The use of cropping in the works Detail from Sabbath, Unknown, woodcut, approx 1522; Detail from Revelation of St John; Vision of the Seven Candlesticks, Lucas Cranach, woodcut, 1529; and Sans titre, invites the viewer to step closer and carefully observe. This sense of intimacy facilitates a new space for the exercise of individual interpretation. The act of cropping can also be seen as a deliberate attempt to direct, control and manipulate how one perceives the image and, by extension, the part of the past that it represents. In this sense, Lachance’s cropped images can be interpreted as a form of violence, as their selective pictorial space by necessity erases and obscures elements of the original image. This violent gesture allows the artist to perpetuate, and at the same time question, the dominant power structures embedded in the images. A single fragment is extracted from the whole; the wider context evades our view.
In his work, Lachance invites us to contemplate painting as a subversive gesture that is carnal in nature. Images can not only be tools of domination but also sites of resistance. As he reframes our understanding of how technical images can have a significant impact in shaping our collective memory, his approach takes cues from the impregnable artifacts of corporate culture. The three large scale paintings, Duke-Price Power and Co. Ltd., Isle Maligne Station, 1925; Les établissements sanitaires, TG Cité industrielle, 1917; and Barrage, TG., 1921 employ models representing industrial projects in untouched, wild areas as source material. Lachance’s paintings, however, do not show any of the infrastructures depicted in the models. Erased from their compositional contexts, the specter of potentiality vanishes as well. The notion of ruin is here bypassed in favour of a raw topology referring only to its "own time": that is, to geological time. The composition of each work was made by enlarging and then dividing and printing a source image into multiple letter-size sheets of paper. The artist’s labour is registered through the ghosts of his process, each segment painstakingly painted onto the canvas, one by one, recomposing the fractured image by syncing and reconciling manual and mechanical means.

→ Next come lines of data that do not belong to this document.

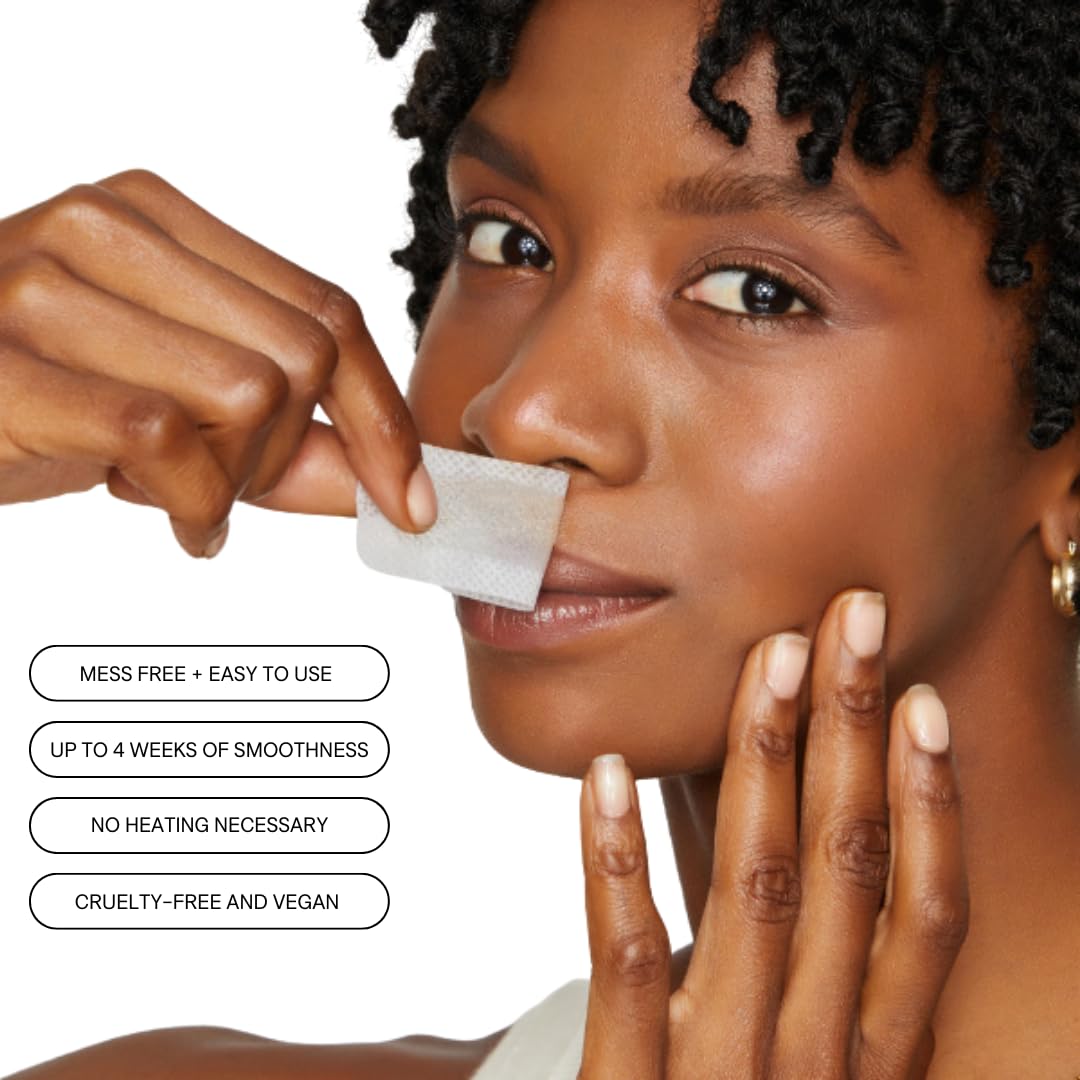 No Mo-Stache Great Face Bundle - Hypoallergenic Waxing Strips For Facial Hair and Eyebrows - 48 Waxing Strips For Lip and Brows Hair Removal + Post Wax Aloe Cream + Handheld Heartshaped Mirror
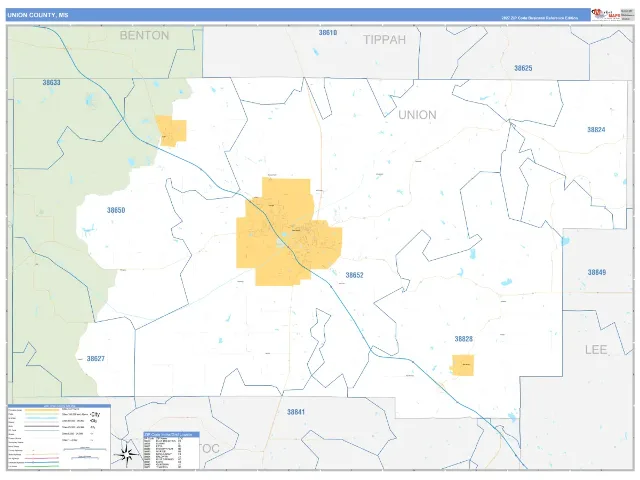 Union County, MS ZIP Code Wall Map, Business Reference style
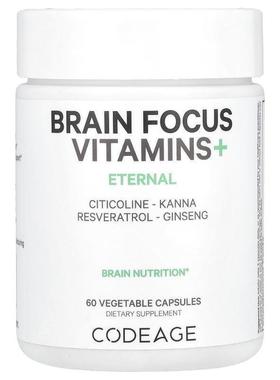 Codeage,Brain Focus Vitamins+, 60 Vegetable Capsules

The work presented in Entreprise highlights the paradoxical nature of images in their function as both a source of persuasion and of defiance. If the Scriptures have been the subject of a feud instigated by the Reformers, printed images have been their pivotal medium. The role of erasure and reframing in the production of Lachance's recent paintings offers a poetic perspective on the mechanisms of circulation and use involved in both images and the written word.